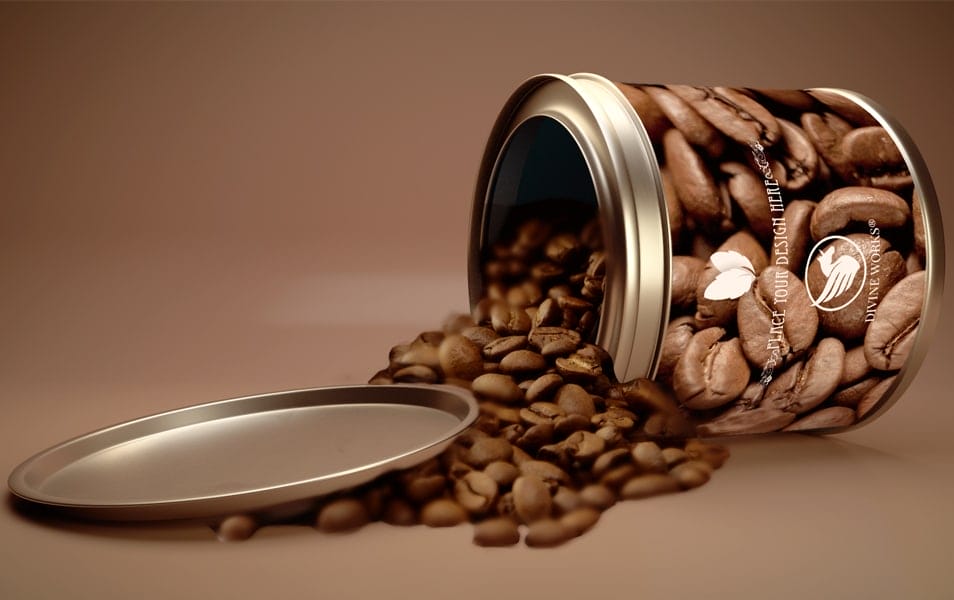 Free Coffee Beans Jar Mockup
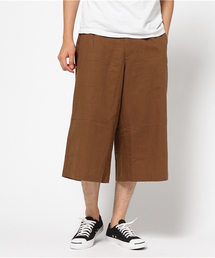 WEGO | WEGO/綿麻ガウチョパンツ(スラックス)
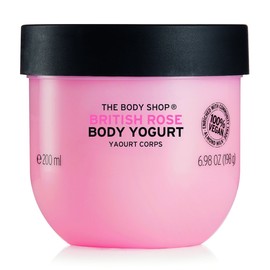The Body Shop British Rose Body Yogurt, 48hr Moisturizer, 100% Vegan, 6.98 Fl.Oz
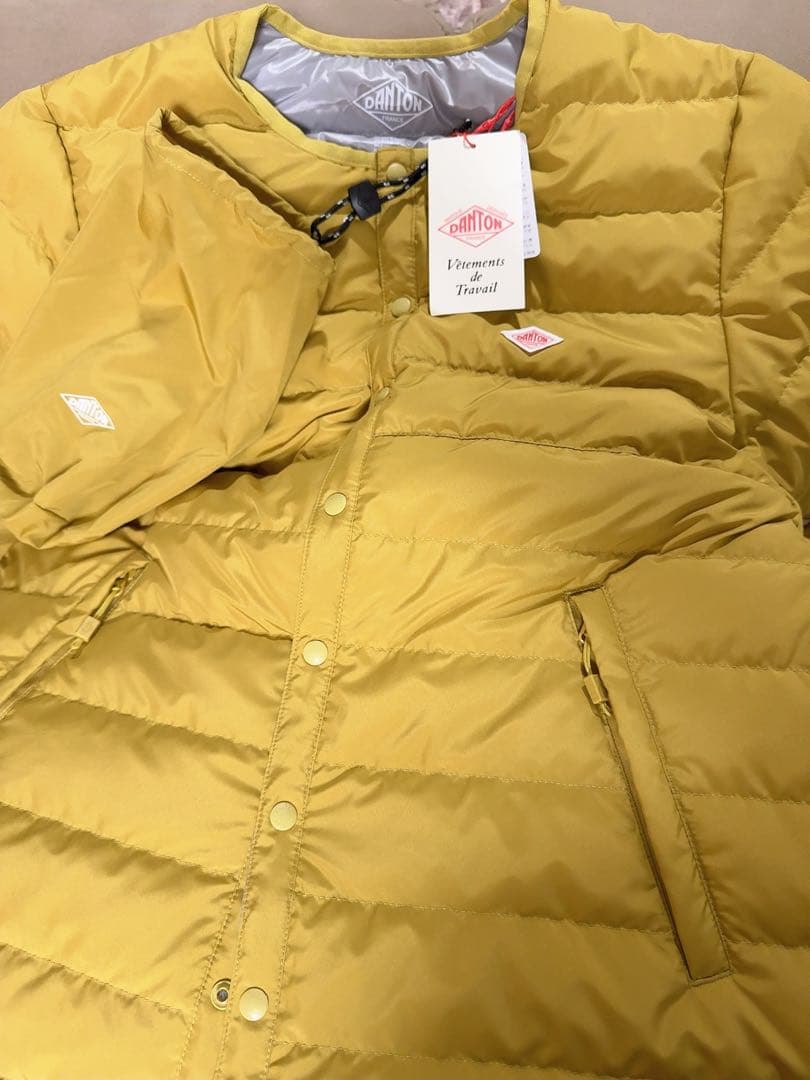 【未使用品】ダントン ダウン ジャケット マスタード S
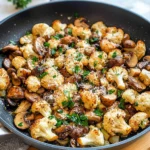 Garlic Cauliflower Mushroom Skillet: Quick & Delicious Dish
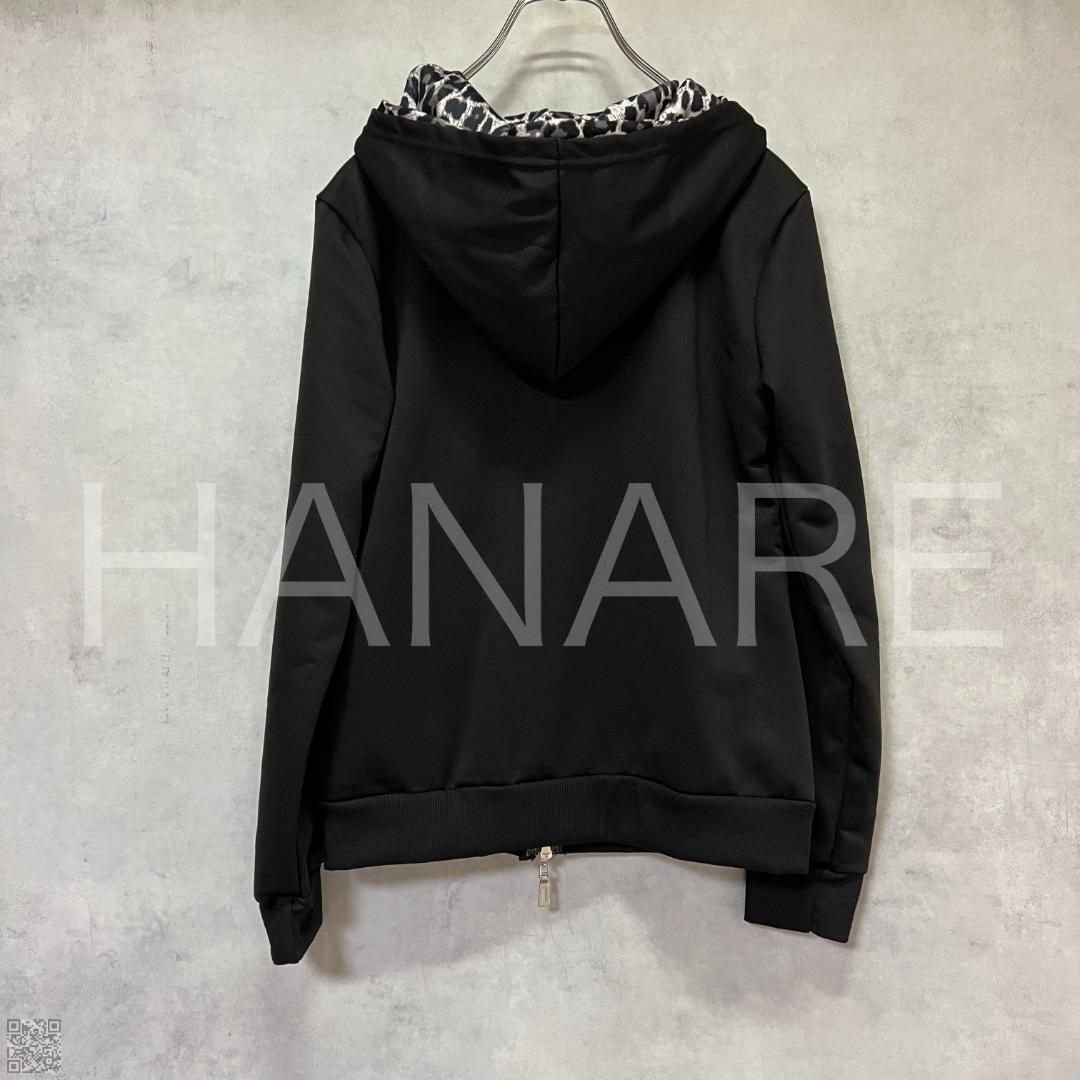 レオパード ヒョウ柄 十字架 クロス パーカー ジップパーカー y2k グランジ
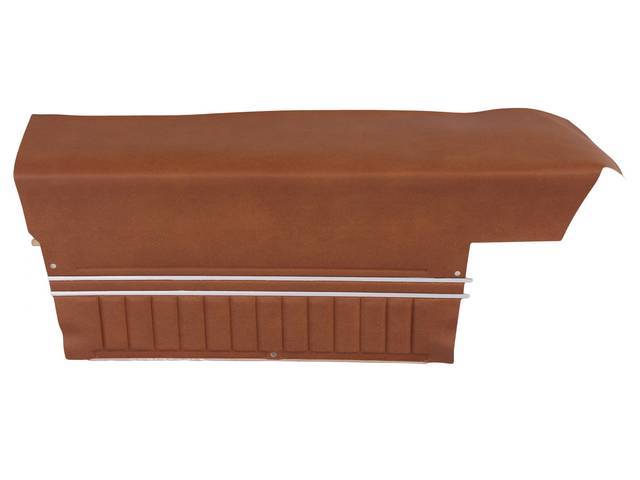 PANEL SET, Inside Quarter, Std, Tan, *Platinum Edition*   <p><strong>Note:</strong></p><p>Note: These panels do not include the top garnish rails (usually plastic or metal) or the windowfelts. Windowfelts can be purchased separately from NPD, the customer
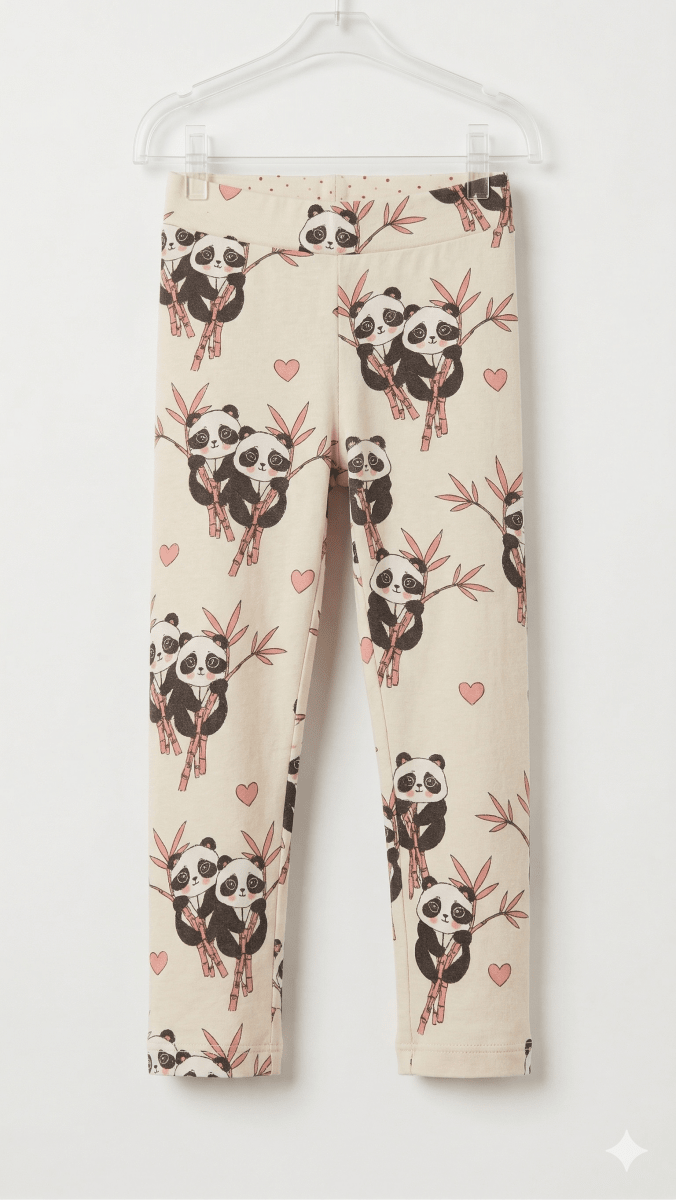 Panda & Cherry Blossom Legging (BG-000518) - girl tights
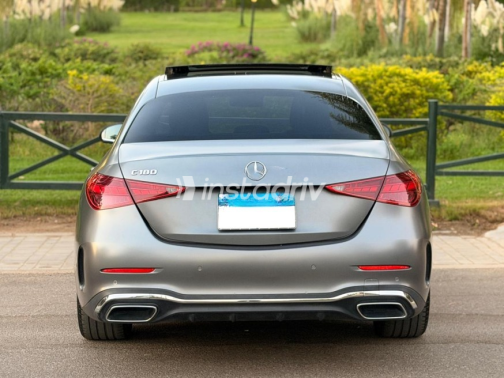 Mercedes C 180 2023 Gray Automatic Used for Sale in Maadi - 5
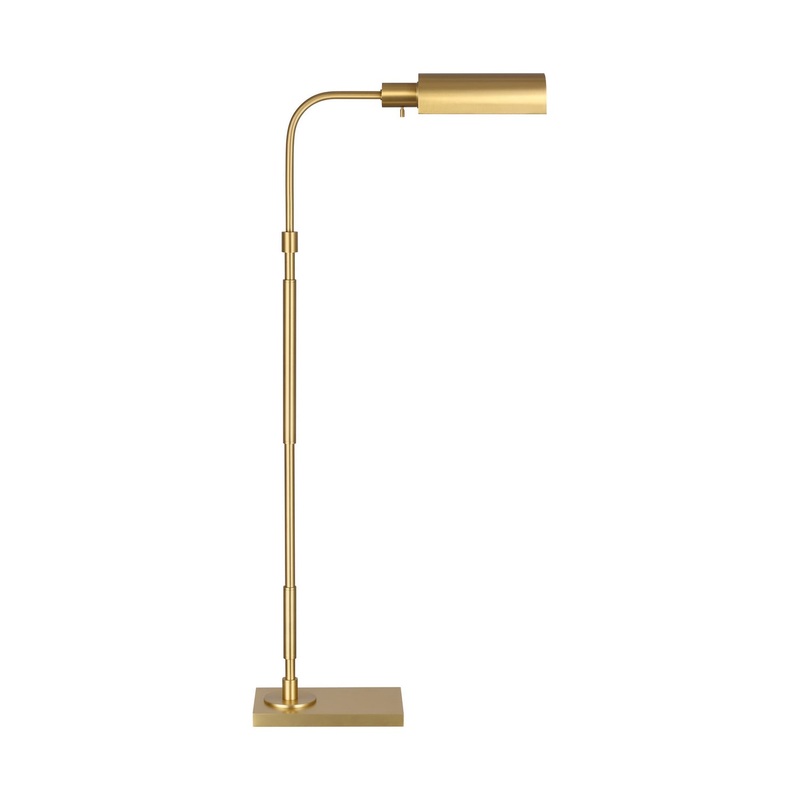 Visual Comfort Studio CT1161BBS1 Kenyon One Light Task Floor Lamp, Burnished Brass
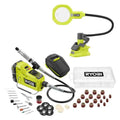 2-Tool RYOBI 2-Zestaw narzędzi Combo, 18V, bezkordowe Zacisk światła, akumulator i ładowarka, bezkorkowe konstrukcja, bezszczotkowy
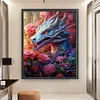 >SALE<Full Embroidery Eco-cotton Thread 11CT Print Flower Dragon Cross Stitch 50x60cm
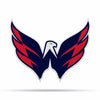 Washington Capitals Pennant Shape Cut Logo Design - Rico Industries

◆ Work to complete
Write out the lines of the listing from the one that holds "PANEL SET, Inside" to the very last line, both included, exactly as they appear and without any pictures.

◆ Exercise result
 PANEL SET, Inside Quarter, Std, Tan, *Platinum Edition*   <p><strong>Note:</strong></p><p>Note: These panels do not include the top garnish rails (usually plastic or metal) or the windowfelts. Windowfelts can be purchased separately from NPD, the customer
 Panda & Cherry Blossom Legging (BG-000518) - girl tights
 Mercedes C 180 2023 Gray Automatic Used for Sale in Maadi - 5
 Visual Comfort Studio CT1161BBS1 Kenyon One Light Task Floor Lamp, Burnished Brass
 2-Tool RYOBI 2-Zestaw narzędzi Combo, 18V, bezkordowe Zacisk światła, akumulator i ładowarka, bezkorkowe konstrukcja, bezszczotkowy
 >SALE<Full Embroidery Eco-cotton Thread 11CT Print Flower Dragon Cross Stitch 50x60cm
 Washington Capitals Pennant Shape Cut Logo Design - Rico Industries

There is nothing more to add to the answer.